The New Democrats and Liberals are at odds over the rollout of the new federal dental plan after the government announced it won’t fully expand eligibility until 2025 — contrary to the pact it signed with the NDP.
The dental-care plan eventually will cover all uninsured Canadians with an annual household income under $90,000. It’s one of the main pillars of a Liberal deal with the NDP intended to prevent an election before 2025.
The deal calls for the program to be fully implemented by the end of the year, but on Wednesday, the government announced registration wouldn’t begin for most adults between the ages of 18 and 65 until next year.
The announcement runs contrary to assurances NDP health critic Don Davies said he received from the health minister just last week.
“I got a clear answer that it would begin before the end of 2024,” he said.
Davies said the pact between the two parties is “crystal clear” about when the program is supposed to be implemented.
“So we expect enrolment to begin for everybody this year,” he said.
The minister’s office did not immediately respond to a request for comment about the assurances Davies was given.
So far, more than 400,000 people have begun the enrolment process to join the federal plan, which is set to start accepting claims in May.
Enrolment is now open to people over the age of 72 and will expand in May to people aged 65 and up. People with disabilities and children under the age of 18 will be able to apply in June.
“Everyone else who’s eligible can apply online starting in 2025,” Seniors Minister Seamus O’Regan said at a Parliament Hill press conference Wednesday.
When asked about the delay, Health Minister Mark Holland said enrolling up to nine million Canadians in the program is complicated.
“Would I like to get there tomorrow? Yes, but physics and the laws of gravity and reality constrain us, and so our ambition has to be constrained with getting it right,” Holland said.

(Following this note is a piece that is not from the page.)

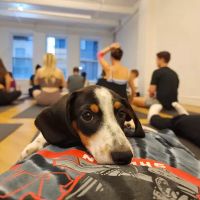 Puppy Sphere | Puppy Yoga (Lower Manhattan) ico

The enrolment process can be a significant barrier to people, especially those who have never received oral-health care before, he said.
That’s why the government wants to make it as seamless as possible, he said. Right now, for example, wait times to get through to a government call centre to begin the process are “almost instantaneous,” the minister said.
“We have to make sure, as much as we possibly can, that we get it right and that they have a positive experience,” he said.
Davies said Sun Life, the private company contracted to administer the plan, can process up to 500,000 enrolment applications per month and the money for full enrolment has been budgeted already.
“If there’s any deviation from the confidence-and-supply agreement, the NDP will take the government to task over it,” he pledged.